What are the differences between these classes? Precisely these methods with enable_if.

/// Alias of std::enable_if...
template <bool B, typename T = void>
using Enable_if = typename std::enable_if<B, T>::type;

Template<typename T, std::size_t N>
class A {
   ...
    template <std::size_t NN = N,
          typename = Enable_if<NN == 2>>
    Some_Return_Type
    method(param1, param2)
    {}

    template <std::size_t NN = N,
              typename = Enable_if<NN == 1>>
    Some_Return_Type
    method(param1)
    {}


};


Template<typename T, std::size_t N>
class B {
   ...
    Enable_if<N == 2, Some_Return_Type>
    method(param1, param2)
    {}

    Enable_if<N == 1, Some_Return_Type>
    method(param1)
    {}
};

What is the correct way to use enable_if in the case I have:

• At least 2 methods that differs only in their arguments and they have the same name but just one of them must be "active" (if N == 1 one of them, if N == 2 the other).
• Only one method that will be active if N == 0 and not active in other cases.

I would like to get something like:

Obj<int, 2> obj2;
Obj<int, 0> obj0;
Obj<int, 1> obj1;

if I write in the IDE obj0. it shows only methods of N == 0 ; obj1. only N == 1 , ... .

Thanks.

Answer 1

Note that enable_if is aimed to trigger SFINAE: if a template parameter substitution fails in its immediate context, it is not a compilation error.

This is exaclty what happens in class A : when the user calls a.method(...) , the compiler attempts to instantiate member function template method , subsituting NN parameter with a constant, which might fail.
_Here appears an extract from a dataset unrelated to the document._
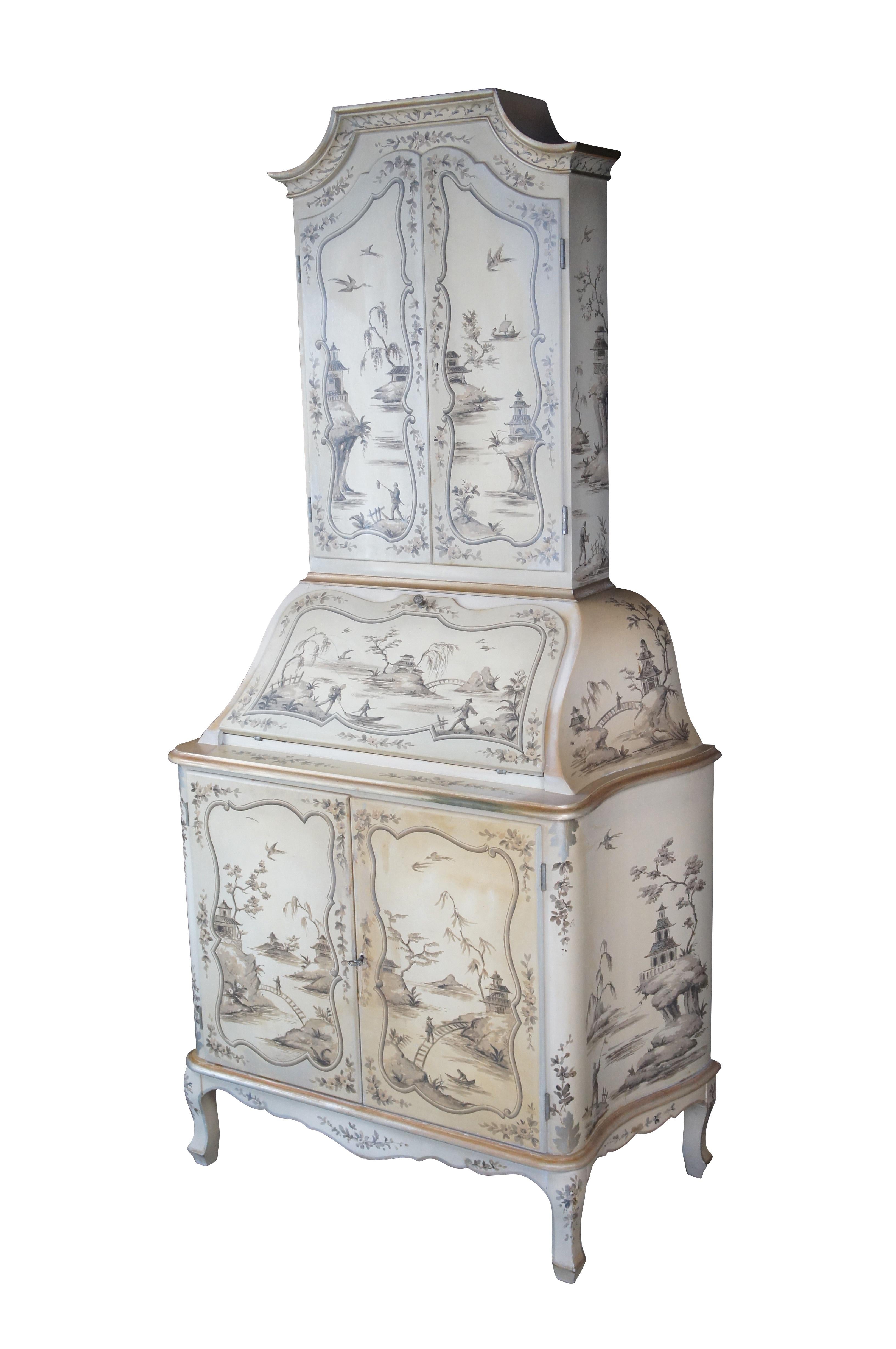 Ein schöner Sekretär im venezianischen Stil, ca. 1970er Jahre.  Klassische italienische Form A mit cremefarbener Oberfläche und Chinoiserie-Toilettenlandschaften.   Das Möbelstück besteht aus einem zierlichen Bücherregal mit zwei Einlegeböden über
However, in case of B::method the "bad" substitution occurs during class template B instantiation, when the compiler substitues N . The failure occurs far from the parameter's immediate context, which is in this case template<typename T, std::size_t N> class B .

That's why in the second case you will get a compilation error, rather than SFINAE.

So, to enable/disable member functions depending on the class template parameter, use the first approach, combining conditions as you wish. For instance:

template <typename T, std::size_t N>
class A {
    template <std::size_t NN = N, typename = std::enable_if_t<NN == 2 || NN == 0>>
    void method(int, int)
    {}

    template <std::size_t NN = N, typename = std::enable_if_t<NN == 1 || NN == 0>>
    void method(int)
    {}
};

UPDATE : How enable_if works. Roughly, one can implement it like this:

template<bool, class T = void>
struct enable_if {};

template<class T>
struct enable_if<true, T> {
    using type = T;
};

Note that if the first argument is false , enable_if doesn't have inner type , so enable_if<false, int>::type would be ill-formed. That's what triggers SFINAE.